É constatação óbvia que as Guerras são dos eventos mais traumáticos que se podem viver. Seria ocioso tentar elencar todos os malefícios, tragédias, desgraças e sofrimento que trazem, seja colectiva, seja pessoalmente, para todos quantos são esmagados pelas vontades soberanas beligerantes.

Não raro, contudo, principalmente as Guerras ocorridas em solo europeu, acabaram por ser os motores de fortíssimas evoluções sociais, artísticas, económicas, tecnológicas e… jurídicas. Evoluções, pois, apesar da regressão temporária que causam, a experiência da Guerra aguça o engenho, desperta a semente da mudança de pensamentos.

Olhando para o “Jurídico”, é inequívoco que, com as duas Grandes Guerras do Século XX, o Direito se desenvolveu muitíssimo, principalmente quanto à consciência da “humanidade” ínsita em todos e cada um de nós.
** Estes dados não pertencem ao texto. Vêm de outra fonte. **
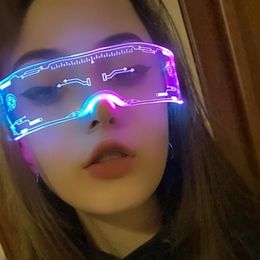 Glasses EL Wire Neon Party Luminous LED Light Up Rave Costume Decor DJ Halloween Decoration Sunglasses 270o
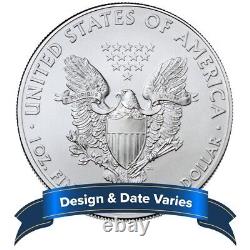 1 oz American Silver Eagle Coin Type 1 (Années 2021 et antérieures) Lot de 5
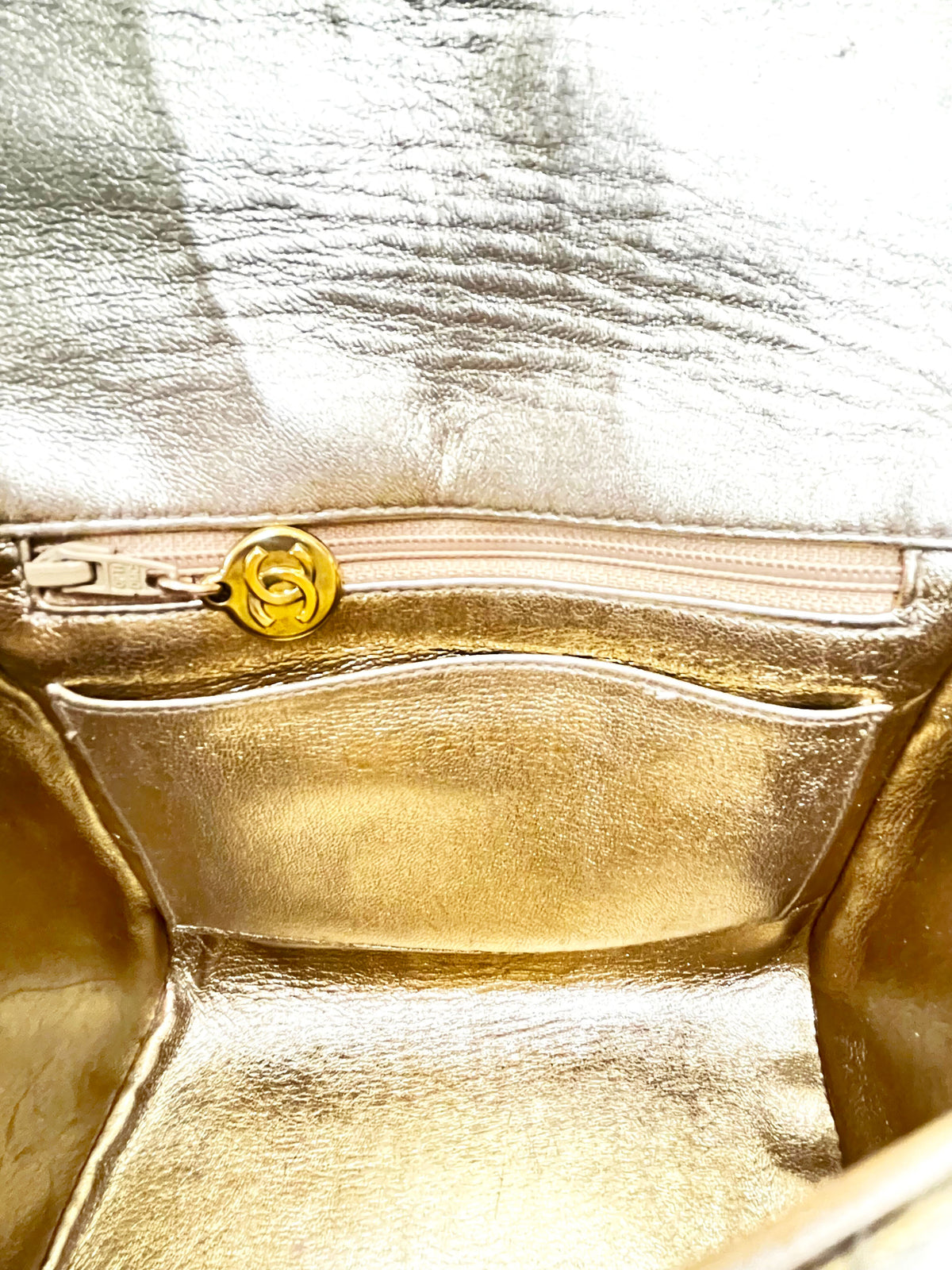 Chanel 1992 Gold Quilted Flap Crossbody Bag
Deixámos de nos bastar com elencos formais de Direitos e Garantias, desenvolvemos estruturas e mecanismos de afirmação prática dos mesmos, procurámos garantir que as declarações não fossem wishfull thinking, criámos estruturas orgânicas de gestão da ordem jurídico-política mundial, etc.

Não vai ser diferente com a “Guerra da Ucrânia”! Logo nos alvores dela se anteviu qual seria o plus que traria a nível jurídico-político: a efectivação do princípio de o agredido ser indemnizado pelo agressor, face a uma guerra “ilícita”.

Com a aplicação de sanções económicas internacionais à Federação Russa, foi inequívoco o objectivo imediato de dissuadir a continuação da agressão; porém, o objectivo mediato foi para nós também evidente: permitir o ressarcimento do agredido pela destruição quase total de vastas áreas do seu território, incluindo infraestruturas fulcrais, essenciais à sobrevivência do Estado Ucraniano, mas também ao comércio mundial e a vastas populações de outras partes do Globo.

E será assim que acontecerá! Não se sabe ainda é como.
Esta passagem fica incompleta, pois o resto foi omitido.